Hematology Case 50
Presented By Dr Mohammad Moharram
Released on 14-02-2021Patient Data
59 year old female
Clinical Data
Diabetic and hypertensive patient on medications.
History of alternating mild anemia and normal HGB for more than 20 years.
Diagnosed before as iron deficiency anemia but with no documentation.
Patient reported that she received iron supplementation and multivitamins for many times all through that period.
Related Laboratory Results
CBC:
- WBC: 6.6x103 /uL (Normal differential white blood cell count).

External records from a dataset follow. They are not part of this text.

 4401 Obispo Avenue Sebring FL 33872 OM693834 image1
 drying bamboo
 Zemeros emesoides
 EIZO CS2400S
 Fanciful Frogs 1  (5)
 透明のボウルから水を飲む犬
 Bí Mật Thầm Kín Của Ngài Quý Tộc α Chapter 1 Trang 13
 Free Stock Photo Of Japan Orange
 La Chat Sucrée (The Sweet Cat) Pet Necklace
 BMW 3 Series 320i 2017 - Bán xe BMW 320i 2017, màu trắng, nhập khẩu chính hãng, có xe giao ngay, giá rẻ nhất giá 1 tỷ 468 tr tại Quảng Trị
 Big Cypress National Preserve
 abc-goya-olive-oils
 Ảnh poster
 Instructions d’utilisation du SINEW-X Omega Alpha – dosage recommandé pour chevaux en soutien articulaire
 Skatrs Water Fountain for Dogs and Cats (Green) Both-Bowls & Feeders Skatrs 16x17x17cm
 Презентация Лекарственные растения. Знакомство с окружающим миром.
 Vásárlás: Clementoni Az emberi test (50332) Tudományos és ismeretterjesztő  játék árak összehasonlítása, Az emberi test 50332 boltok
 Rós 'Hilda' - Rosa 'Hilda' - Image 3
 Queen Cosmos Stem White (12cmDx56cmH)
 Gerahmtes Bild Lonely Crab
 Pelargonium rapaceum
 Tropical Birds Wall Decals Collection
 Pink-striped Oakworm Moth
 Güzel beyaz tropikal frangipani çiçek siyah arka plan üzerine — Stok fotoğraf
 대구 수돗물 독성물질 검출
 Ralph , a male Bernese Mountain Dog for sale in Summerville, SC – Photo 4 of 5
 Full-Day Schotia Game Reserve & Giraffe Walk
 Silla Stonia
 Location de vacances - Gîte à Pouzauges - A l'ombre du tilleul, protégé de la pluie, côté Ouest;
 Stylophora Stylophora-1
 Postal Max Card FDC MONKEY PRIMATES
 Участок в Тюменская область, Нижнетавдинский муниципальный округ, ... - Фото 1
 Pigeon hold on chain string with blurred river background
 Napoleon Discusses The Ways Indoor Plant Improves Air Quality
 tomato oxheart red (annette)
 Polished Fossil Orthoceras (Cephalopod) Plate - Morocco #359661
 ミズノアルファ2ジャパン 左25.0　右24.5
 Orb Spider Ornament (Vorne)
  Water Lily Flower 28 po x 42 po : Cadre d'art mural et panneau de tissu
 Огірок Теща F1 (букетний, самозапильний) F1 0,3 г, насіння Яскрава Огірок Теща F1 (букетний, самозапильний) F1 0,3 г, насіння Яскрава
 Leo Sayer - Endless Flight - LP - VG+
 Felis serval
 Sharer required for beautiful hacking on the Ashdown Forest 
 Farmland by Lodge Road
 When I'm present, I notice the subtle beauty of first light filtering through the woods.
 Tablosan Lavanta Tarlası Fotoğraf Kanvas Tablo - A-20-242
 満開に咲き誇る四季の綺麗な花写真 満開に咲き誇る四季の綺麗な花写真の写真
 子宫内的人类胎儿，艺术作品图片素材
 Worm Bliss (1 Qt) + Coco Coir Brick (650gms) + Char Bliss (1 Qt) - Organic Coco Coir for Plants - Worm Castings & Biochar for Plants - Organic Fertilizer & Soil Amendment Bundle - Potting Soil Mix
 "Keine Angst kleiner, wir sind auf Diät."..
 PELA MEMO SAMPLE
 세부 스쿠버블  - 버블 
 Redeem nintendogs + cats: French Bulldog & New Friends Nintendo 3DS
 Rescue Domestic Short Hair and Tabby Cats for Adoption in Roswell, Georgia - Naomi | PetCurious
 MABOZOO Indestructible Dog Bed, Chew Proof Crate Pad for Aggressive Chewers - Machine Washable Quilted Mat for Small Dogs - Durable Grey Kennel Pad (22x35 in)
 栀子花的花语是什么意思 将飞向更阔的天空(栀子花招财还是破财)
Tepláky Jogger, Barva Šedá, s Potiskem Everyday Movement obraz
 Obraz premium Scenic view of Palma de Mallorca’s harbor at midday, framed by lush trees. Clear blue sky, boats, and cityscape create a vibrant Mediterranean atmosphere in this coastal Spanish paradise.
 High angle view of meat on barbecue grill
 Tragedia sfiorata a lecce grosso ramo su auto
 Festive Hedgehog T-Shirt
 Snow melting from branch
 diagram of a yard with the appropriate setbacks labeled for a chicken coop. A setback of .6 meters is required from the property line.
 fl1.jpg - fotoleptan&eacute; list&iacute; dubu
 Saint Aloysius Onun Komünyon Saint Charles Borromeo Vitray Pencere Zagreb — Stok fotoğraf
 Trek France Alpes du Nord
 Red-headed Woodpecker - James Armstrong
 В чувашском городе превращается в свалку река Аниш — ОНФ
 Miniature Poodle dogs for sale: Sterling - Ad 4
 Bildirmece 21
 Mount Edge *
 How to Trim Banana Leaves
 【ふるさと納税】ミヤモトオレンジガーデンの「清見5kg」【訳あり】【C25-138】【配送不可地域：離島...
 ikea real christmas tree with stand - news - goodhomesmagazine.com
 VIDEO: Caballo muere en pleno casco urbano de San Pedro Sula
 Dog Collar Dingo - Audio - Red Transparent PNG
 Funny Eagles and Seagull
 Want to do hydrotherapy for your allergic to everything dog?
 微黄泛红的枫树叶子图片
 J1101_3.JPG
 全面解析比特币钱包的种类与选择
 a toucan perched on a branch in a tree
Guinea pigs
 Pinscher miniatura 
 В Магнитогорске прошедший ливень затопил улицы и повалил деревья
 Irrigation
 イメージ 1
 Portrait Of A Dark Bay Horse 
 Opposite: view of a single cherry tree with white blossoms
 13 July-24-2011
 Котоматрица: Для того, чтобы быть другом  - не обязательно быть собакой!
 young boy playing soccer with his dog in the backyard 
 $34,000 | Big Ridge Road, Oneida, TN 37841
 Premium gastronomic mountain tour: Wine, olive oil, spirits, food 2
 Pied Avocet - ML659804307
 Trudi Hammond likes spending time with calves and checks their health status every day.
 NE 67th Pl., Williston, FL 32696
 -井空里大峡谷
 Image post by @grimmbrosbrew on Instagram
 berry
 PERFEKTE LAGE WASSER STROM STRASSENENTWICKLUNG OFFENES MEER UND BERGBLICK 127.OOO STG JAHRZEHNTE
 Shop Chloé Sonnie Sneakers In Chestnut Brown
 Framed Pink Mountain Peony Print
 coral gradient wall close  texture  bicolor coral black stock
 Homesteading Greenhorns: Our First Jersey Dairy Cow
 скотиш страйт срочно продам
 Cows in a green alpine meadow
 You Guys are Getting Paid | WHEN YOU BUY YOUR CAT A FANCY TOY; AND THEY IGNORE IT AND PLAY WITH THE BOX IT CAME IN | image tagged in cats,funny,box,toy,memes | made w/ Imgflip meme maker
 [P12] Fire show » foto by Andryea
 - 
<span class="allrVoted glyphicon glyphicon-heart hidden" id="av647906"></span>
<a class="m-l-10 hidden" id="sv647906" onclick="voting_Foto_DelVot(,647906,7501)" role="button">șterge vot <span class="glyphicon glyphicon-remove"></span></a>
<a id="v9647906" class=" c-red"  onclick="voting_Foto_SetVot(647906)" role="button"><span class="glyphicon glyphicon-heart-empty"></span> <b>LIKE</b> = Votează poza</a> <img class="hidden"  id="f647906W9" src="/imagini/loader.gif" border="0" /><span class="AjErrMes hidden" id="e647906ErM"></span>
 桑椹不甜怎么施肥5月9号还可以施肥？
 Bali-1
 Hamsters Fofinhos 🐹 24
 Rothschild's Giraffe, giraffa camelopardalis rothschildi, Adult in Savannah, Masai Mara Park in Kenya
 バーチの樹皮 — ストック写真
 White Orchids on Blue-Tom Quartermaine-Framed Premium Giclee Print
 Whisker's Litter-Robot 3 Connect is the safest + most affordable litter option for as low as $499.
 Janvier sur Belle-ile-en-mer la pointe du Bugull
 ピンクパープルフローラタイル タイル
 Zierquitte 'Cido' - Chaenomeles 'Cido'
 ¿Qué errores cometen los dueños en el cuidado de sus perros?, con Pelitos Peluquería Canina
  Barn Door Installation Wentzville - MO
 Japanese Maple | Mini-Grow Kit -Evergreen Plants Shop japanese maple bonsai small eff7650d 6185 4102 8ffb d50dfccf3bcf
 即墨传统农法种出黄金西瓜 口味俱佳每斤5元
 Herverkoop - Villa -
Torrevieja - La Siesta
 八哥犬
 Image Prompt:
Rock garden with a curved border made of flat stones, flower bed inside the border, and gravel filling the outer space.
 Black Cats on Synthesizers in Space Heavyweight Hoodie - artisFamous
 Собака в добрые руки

- RBC: 6.04 x1012 /uL (R.R.: 3.8 - 4.8)
- HGB: 11.5 g/dL - MCV: 64 fL -MCH: 18.5 pG - MCHC: 29.4 %
- Platelet: x103 /uL
Normal RFT & LFT
Serum Iron: 23 umol/L (5-30.5) - Serum Ferritin: 127 ng/mL (R.R.: 13-150)
Vitamin B12: 768 pg/mL (R.R.: 180-914)
Case Picture(s) / Photo(s)
Comment / Findings
An increase of haemoglobin A2 to 4.4%
Mild anemia with elevated RBC count and microcytic hypochromic RBCs.